The theory and practice of risk management—and, included with that, risk measurement—have developed enormously since the pioneering work of Harry Markowitz in the 1950s. The theory has developed to the point where risk management/measurement is now regarded as a distinct sub-field of the theory of finance. …

Szegö (2004, p. 1) categorizes risk measures as one of the three major revolutions in finance and places the start of that revolution in 1997. The other two major revolutions are mean-variance analysis (1952–1956) and continuous-time models (1969–1973). He notes that alternative risk measures have been accepted by practitioners but “rejected by the academic establishment and, so far discarded by regulators!” (Szegö, 2004, p. 4).

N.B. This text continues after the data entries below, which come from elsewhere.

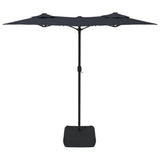 Double-Head Garden Parasol with LEDs Black 316x145 cm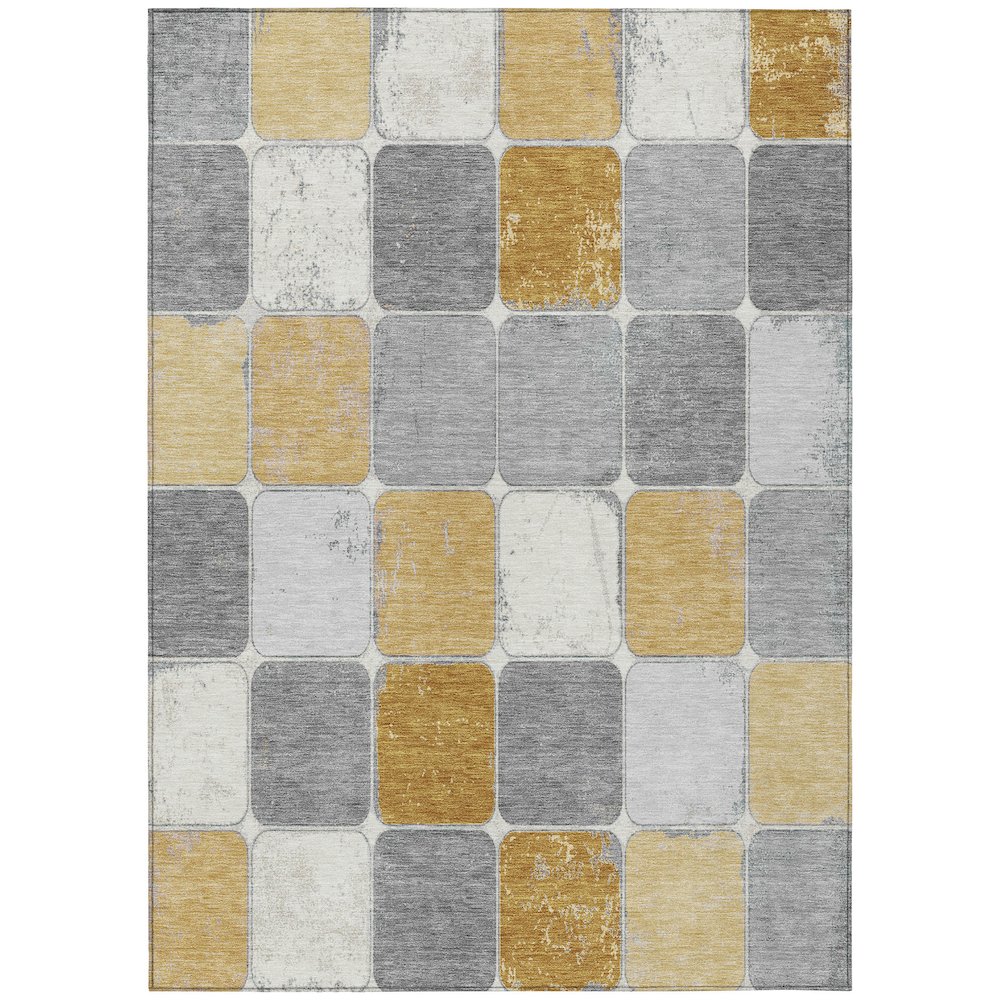 Machine Washable Indoor/Outdoor Chantille Gold 2'6" x 3'10" Rug. Picture 1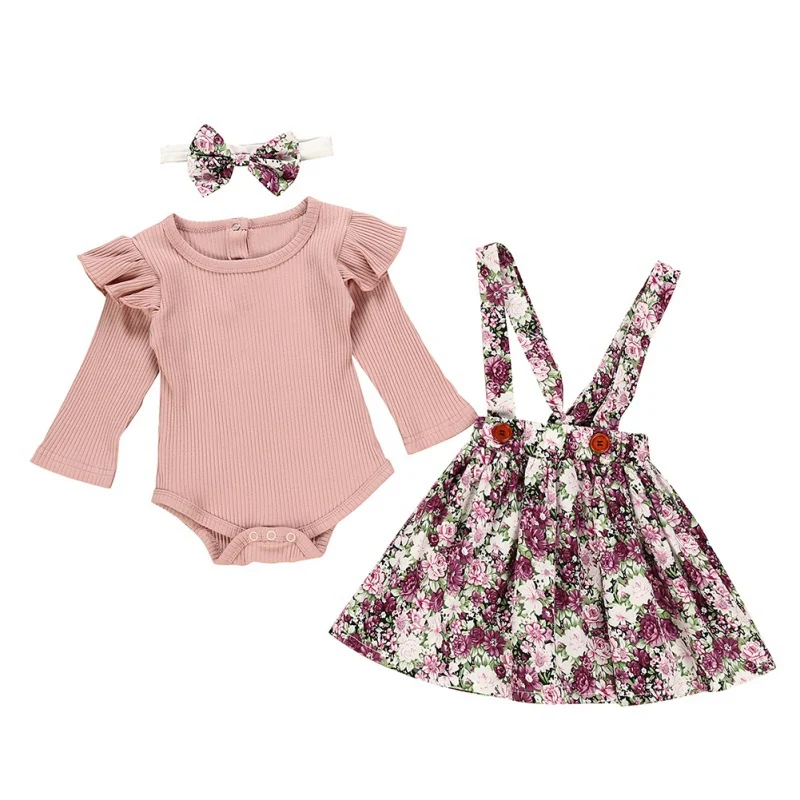 2020 3Pcs Baby Girl Clothes Set Long Sleeve Romper Tops Floral Strap Skirt Headband Sets 0-24M | Детская одежда и обувь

Basic Features of Investment Risk Measures

Balzer (2001) argues that a risk measure is investor specific and, therefore, there is “no single universally acceptable risk measure.” He suggests several features that an investment risk measure should capture. Here we describe the following three features:

  • Relativity of risk
  • Multidimensionality of risk
  • Asymmetry of risk

The relativity of risk means that risk should be related to performing worse than some alternative investment or benchmark. Balzer (1994, 2001) and Sortino and Satchell (2001), among others, have proposed that investment risk might be measured by the probability of the investment return falling below a specified risk benchmark. The risk benchmark might itself be a random variable, such as a liability benchmark (e.g., an insurance product), the inflation rate or possibly inflation plus some safety margin, the risk-free rate of return, the bottom percentile of return, a sector index return, a budgeted return, or other alternative investments. Each benchmark can be justified in relation to the goal of the portfolio manager. Should performance fall below the benchmark, there could be major adverse consequences for the portfolio manager.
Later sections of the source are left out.